Assignment = From the first line to the last, retype the records exactly without their images.

################

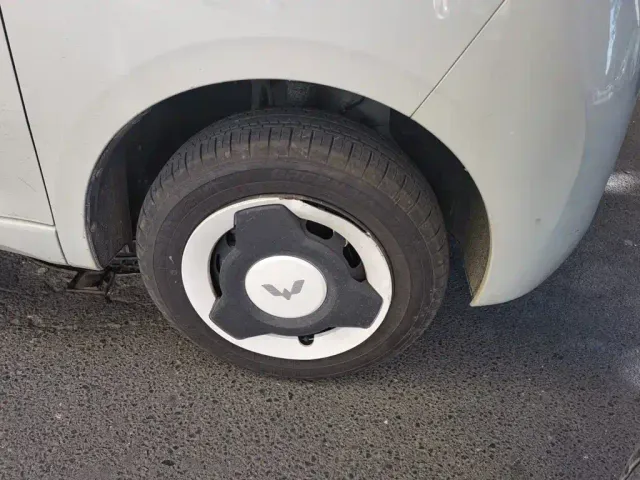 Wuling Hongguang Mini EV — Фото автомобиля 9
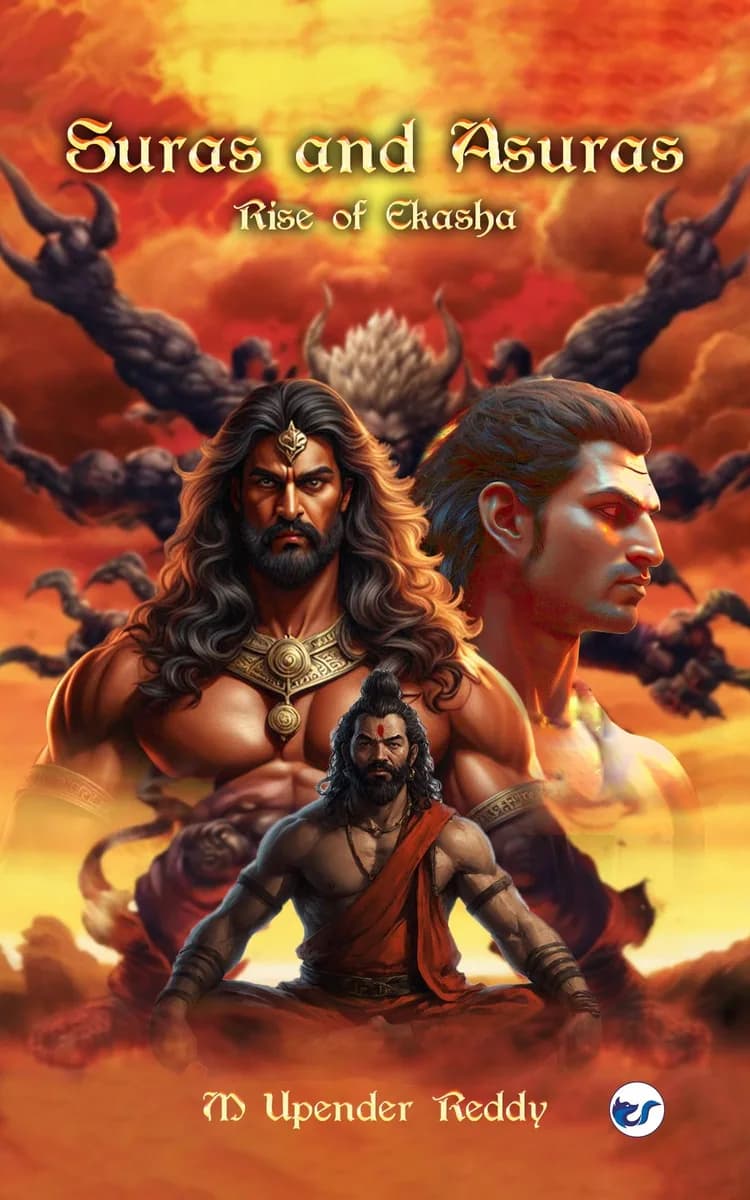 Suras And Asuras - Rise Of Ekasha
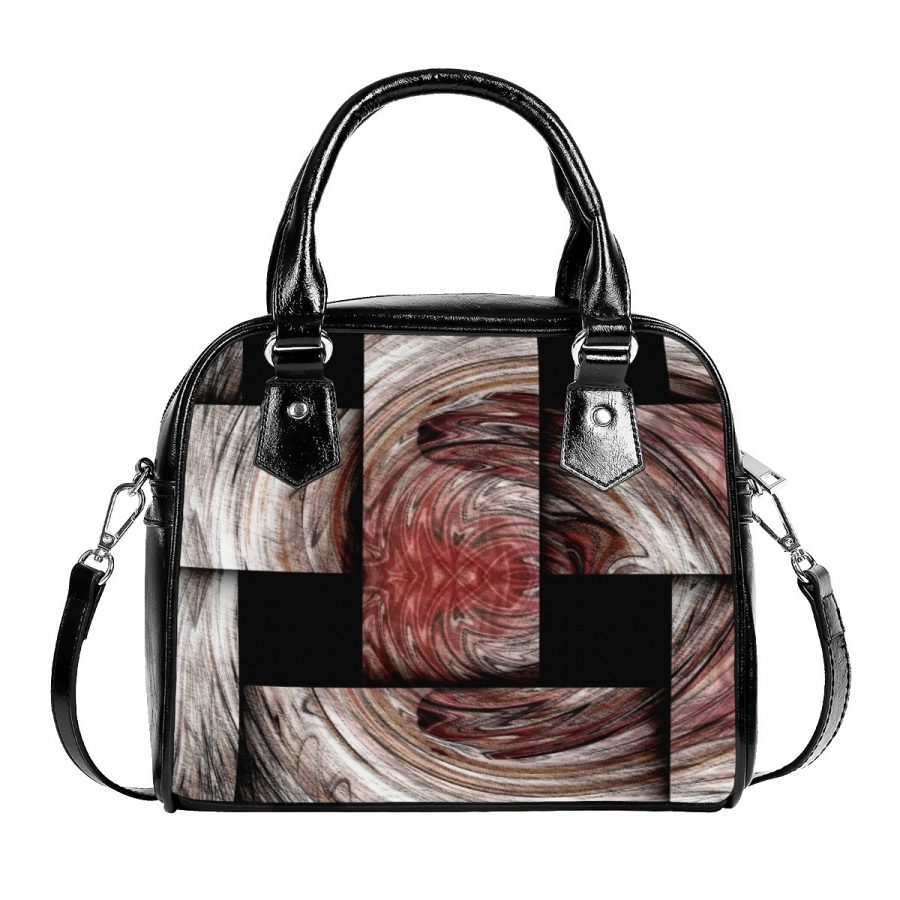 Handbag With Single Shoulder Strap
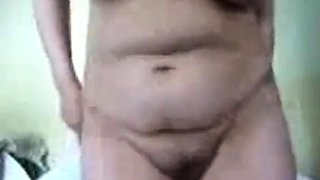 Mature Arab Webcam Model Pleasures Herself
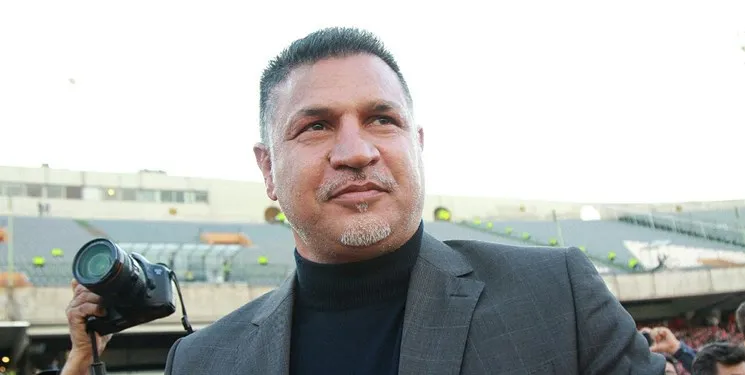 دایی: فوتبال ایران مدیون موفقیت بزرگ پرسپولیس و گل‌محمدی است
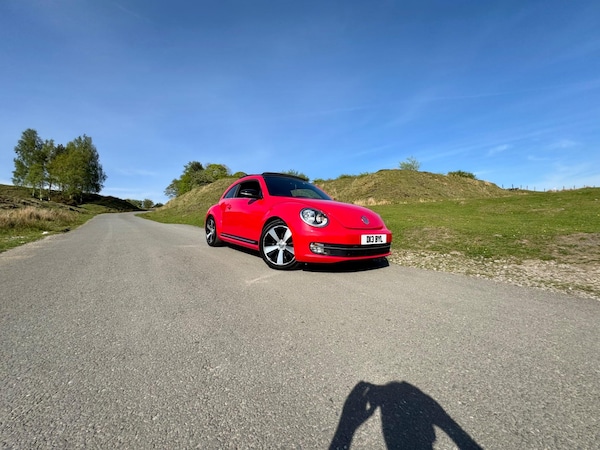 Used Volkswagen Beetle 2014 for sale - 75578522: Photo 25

################

Output for this exercise =
 Wuling Hongguang Mini EV — Фото автомобиля 9
 Suras And Asuras - Rise Of Ekasha
 Handbag With Single Shoulder Strap
 Mature Arab Webcam Model Pleasures Herself
 دایی: فوتبال ایران مدیون موفقیت بزرگ پرسپولیس و گل‌محمدی است
 Used Volkswagen Beetle 2014 for sale - 75578522: Photo 25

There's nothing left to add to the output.